:: Data ::

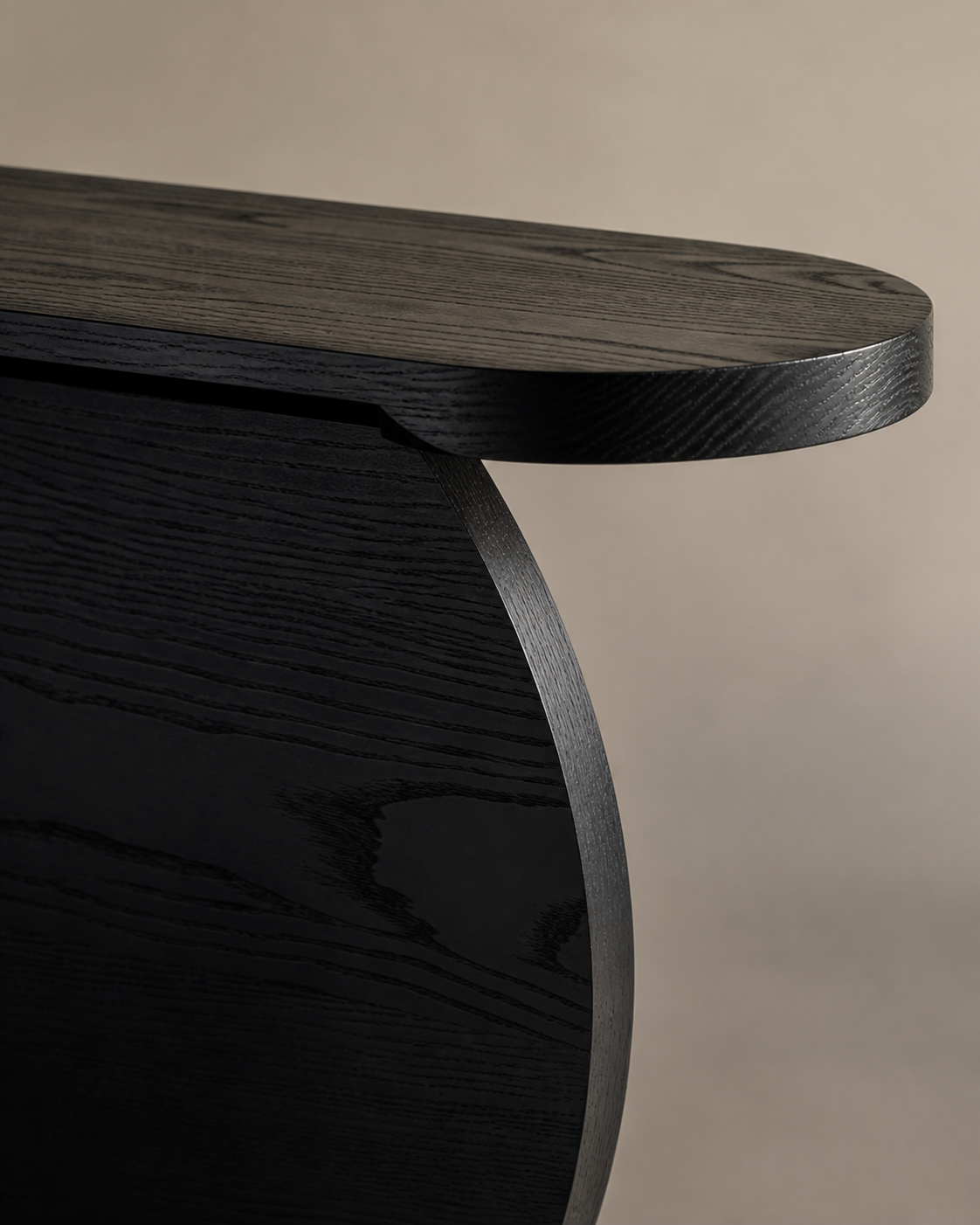 Frame Console Table — material detail
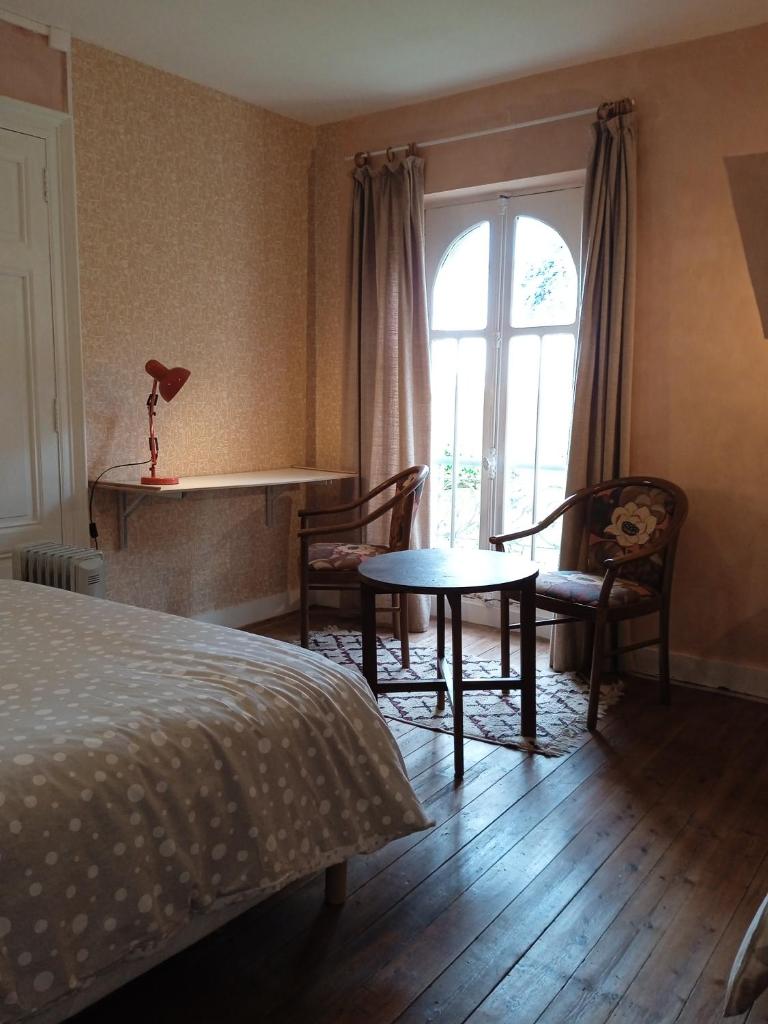 chambre chez l'habitant, axe A62, à 20 min d' ouest d'Agen, parking gratuit, accès cuisine, convivial photo 1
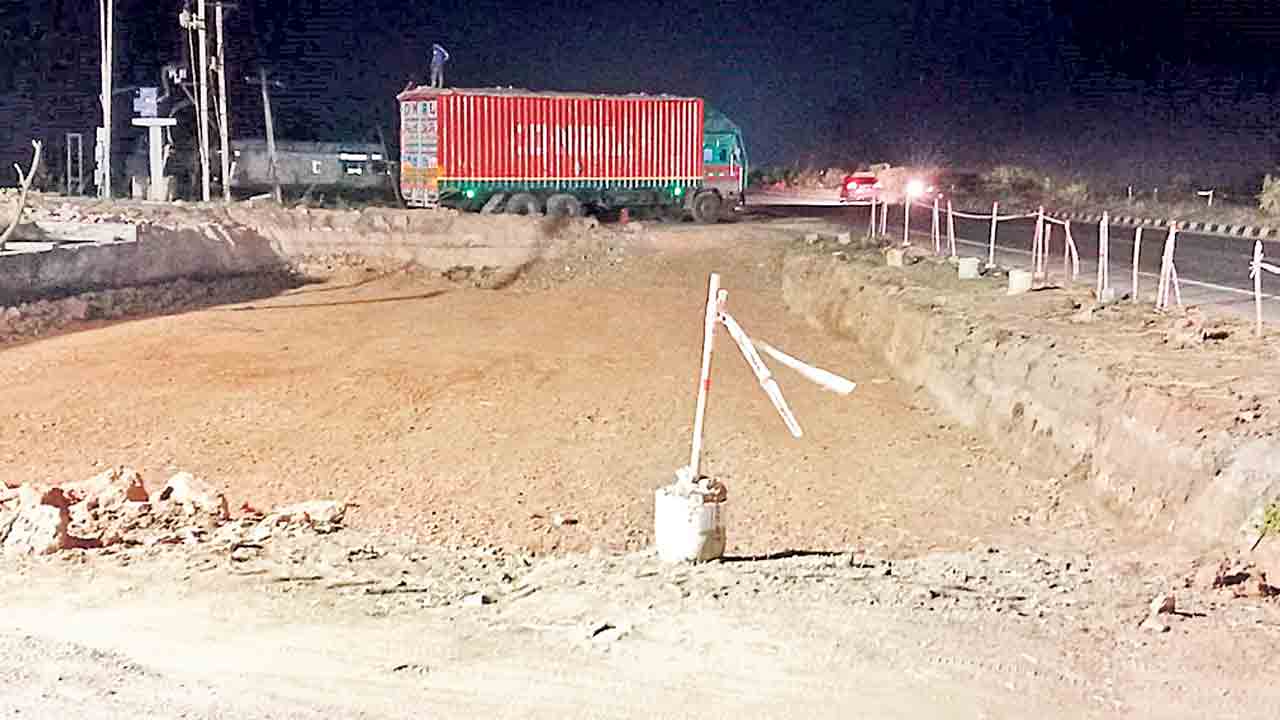 Contractor | 8 కోట్లు ఇస్తావా.. పనులు ఆపాలా?..హైవే కాంట్రాక్టర్‌కు మాజీ ఎమ్మెల్యే బెదిరింపు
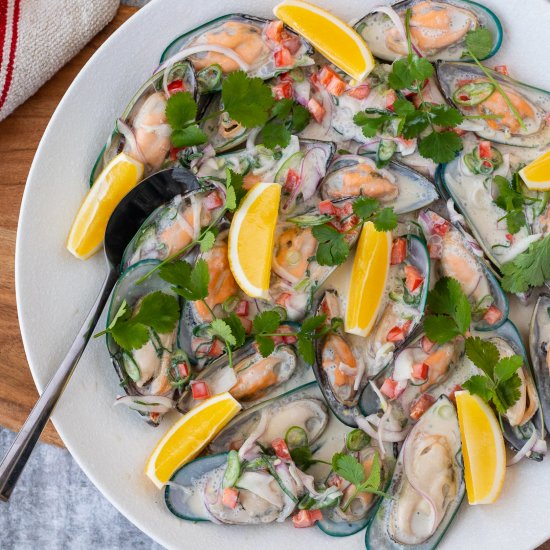 Spicy coconut mussel salad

:::

◆ What is expected:
Every line above has to be output exactly; the pictures must be dropped.

◆ Answer below:
 Frame Console Table — material detail
 chambre chez l'habitant, axe A62, à 20 min d' ouest d'Agen, parking gratuit, accès cuisine, convivial photo 1
 Contractor | 8 కోట్లు ఇస్తావా.. పనులు ఆపాలా?..హైవే కాంట్రాక్టర్‌కు మాజీ ఎమ్మెల్యే బెదిరింపు
 Spicy coconut mussel salad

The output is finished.